By Nomalanga Mkhize, Custom Contested
In recent weeks, South African news reports have been filled
with leaders announcing claims and counter-claims to land on behalf of their
“people” and royal clans under the newly amended Restitution Act of 1994.
These royal claims are said to be justified by South Africa’s
history of colonial dispossession, which was the most extreme on the African
continent and waged through two centuries of warfare, and 50 years of legislated
discrimination.
Notwithstanding the need for historical re-dress, something
rings false about the political intentions behind these claims. Though small in
number, the kinds of claims being announced by traditional leaders implicate
large portions of our country’s landmass.
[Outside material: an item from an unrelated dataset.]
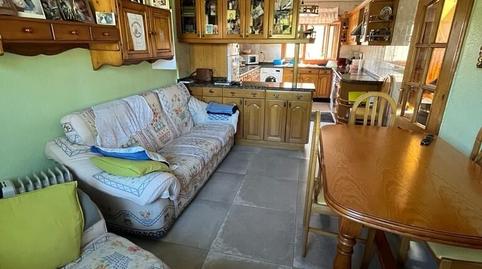 Photo 4 of Single-family semi-detached for sale in Tardajos, Burgos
With very clear explicit backing from
the highest political office, the presidency under President Jacob Zuma, the
impetus for the new process appears to be aimed at boosting the political
status of traditional leaders who have been vociferously lobbying government to
restore excessive powers curtailed by the 1996 Constitution.
While the re-opening land restitution process was supported
by rural associations such as Ntinga Ntaba kaNdoda in the Eastern Cape, the
very same organisation also warned Parliament to ensure that the process did
not favour chiefs or lead to a “re-tribalisation” of rural residents.
Ntinga made these warnings in a context where for the past
decade or so a number of bills and acts emanating from the Traditional Leadership
and Governance Framework Act of 2003 have, in effect, re-inscribed the
political geography of the much hated 1951 Bantu Authorities Act, which
virtually turned rural residents into feudal subjects under the often despotic
rule of unelected rulers.
The reproduction of apartheid “tribal” boundaries in our
democracy was bad enough, but the tabling of legislation that gave chiefs
unconstitutional powers was received as a bitter betrayal by rural citizens as
was evident in the fierce opposition to the Communal Land Rights Act of 2004,
which was defeated in the Constitutional Court, and the Traditional Courts
Bill, which failed to pass in parliament earlier this year.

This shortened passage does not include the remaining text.